Wer aß nicht einmal einen schwarzen Schweinebraten. Das Adjektiv schwarz bezog sich nicht auf die Farbe des Bratens, sondern alle nicht gestatteten und nicht genehmigten Geschäfte. Die nannte man schwarz. Während und nach dem Krieg gab es den Schwarzmarkt, da bekam man alles verbotene und nicht auf legalen Weg zu Erhaltendes. In der Kriegsgefangenschaft erfuhr ich dass die Russen diese ihre Märkte, so halb gestatteten, damit ihre Lebensmittelversorgung nicht ganz zusammenbrach, und deshalb den grauen Markt nannten. Das mussten sie, denn sonst wäre ihre Marktwirtschaft zusammengebrochen.
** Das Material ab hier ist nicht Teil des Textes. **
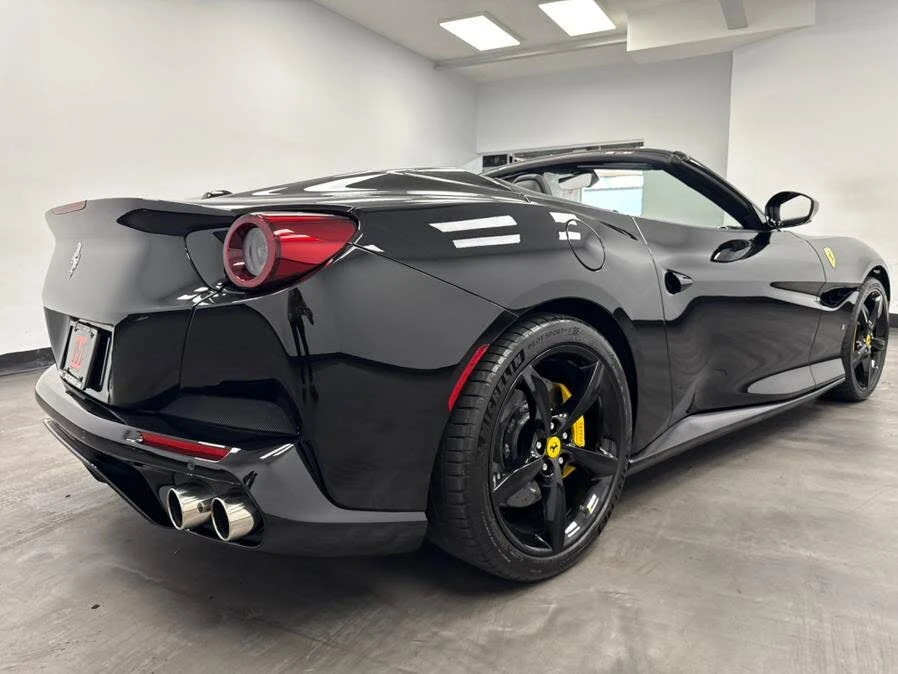 2019 Ferrari Portofino - Image 18 of 31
Aber die schwarzen Geschäfte gibt es noch heute.

Und wer außer mir machte nicht doch ein Witzchen über Göring. Sicher noch viele. „Warum heißt seine Tochter EDDA ? Warum? Ewigen Dank Dem Adjutanten!“ Oder diesen. Ich hörte den Witz bei meiner Aufnahmeprüfung in die Militärschule, in der Rossauerkaserne. Das war im Jahre 1940. „Hitler, Göring und Goebbels sind in einen Boot auf hoher See. Ein aufkommender Sturm schlägt das Boot um. Alle drei fallen ins Wasser. Wer wird gerettet? Wer? Deutschland!" Und der Spitzname GRÖFAZ (Größter Feldherr aller Zeiten), der in Wehrmachtskreisen sehr gebräuchlich war und auch DER SCHICKELGRUBER war ein zersetzendes Witzchen. Oder wie ein deutscher Generalfeldmarschall sagte :“Der böhmische Gefreite!“ Die Liste ließe sich fortsetzen.
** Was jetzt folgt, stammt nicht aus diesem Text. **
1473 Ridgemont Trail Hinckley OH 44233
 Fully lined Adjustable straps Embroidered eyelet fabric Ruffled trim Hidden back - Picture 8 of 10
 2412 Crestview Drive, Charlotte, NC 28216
Dass die meisten im Großdeutschen Reich wohnenden Volksgenossen, so hießen wir damals, Nazi wären, ja, vielleicht am Anfang, als es für Millionen wieder Arbeit gab, die aber vorwiegend einem Angriffskrieg dienten, das war eine andere Sache. Aber als man dann den Zwang verspürte, der einsetzte, war es aus mit der Begeisterung. Und dass es einige gegeben haben soll, die schon viel früher mehr ahnten, als wussten, habe ich auch erst später erfahren. Falls dies echt war und nicht nur aus einer Aversion kam, gegen das Regime zu sein und es sogar unter Umständen bekämpften, Hut ab, vor denen. Um sich so weit vorzuwagen, da hatte man schon gehörig Angst.

Aber das andere (all)gemeine Volk: Schweinsbraten, Mohnstrudel, Auslandssender und systemzersetzende Witzchen. Das waren sie auch. Sie wurde auch dementsprechend geahndet. Strafkompanie, Konzentrationslager oder Tod durch den Strang, aber auch nicht alle.

Und doch glaubten wir den Parolen. Wie die der bolschewistischen Gefahr. Sie war nicht so weit hergeholt. Aber jetzt weiß ich, das geschah nur, um die eigenen Gräuel in den Gas- und sonstigen Vernichtungslagern zu übertünchen. Denn von diesen habe ich nichts gewusst. Ich habe erst nach dem Krieg davon erfahren. Und ich kann mir ruhigen Gewissen sagen, auch meine Freunde, meine Bekannten und Verwandten meines Umfeldes wussten davon nichts. Und das Unwissen erstreckt sich nicht nur auf das Private, sondern auch auf die Militäreinheiten in dem ich Dienst tat. Denn falls es anders gewesen wäre, hätte man mir, der seine, sagen wir Antipathie, versteckt zu erkennen gab, sicher darüber berichtet.

Ich möchte nun schließen, aus echter Überzeugung und bescheidenem Wissen, dass Verbrechen, und andere Gräueltaten, strengstens bestraft werden sollen, und falls möglich und sogar mit Zinsen gut gemacht. Aber wenn Nichtwissen und somit im geläufigen Sinne auch Dummheit zum einem Tatbestand hochstilisiert wird, Verallgemeinerung und Vermischung von Tatsachen gezielt als Verleumdung eingesetzt und Sprechblasen zur Leitartikel-Überschriften werden, dann hört mein Glaube an die Gerechtigkeit auf.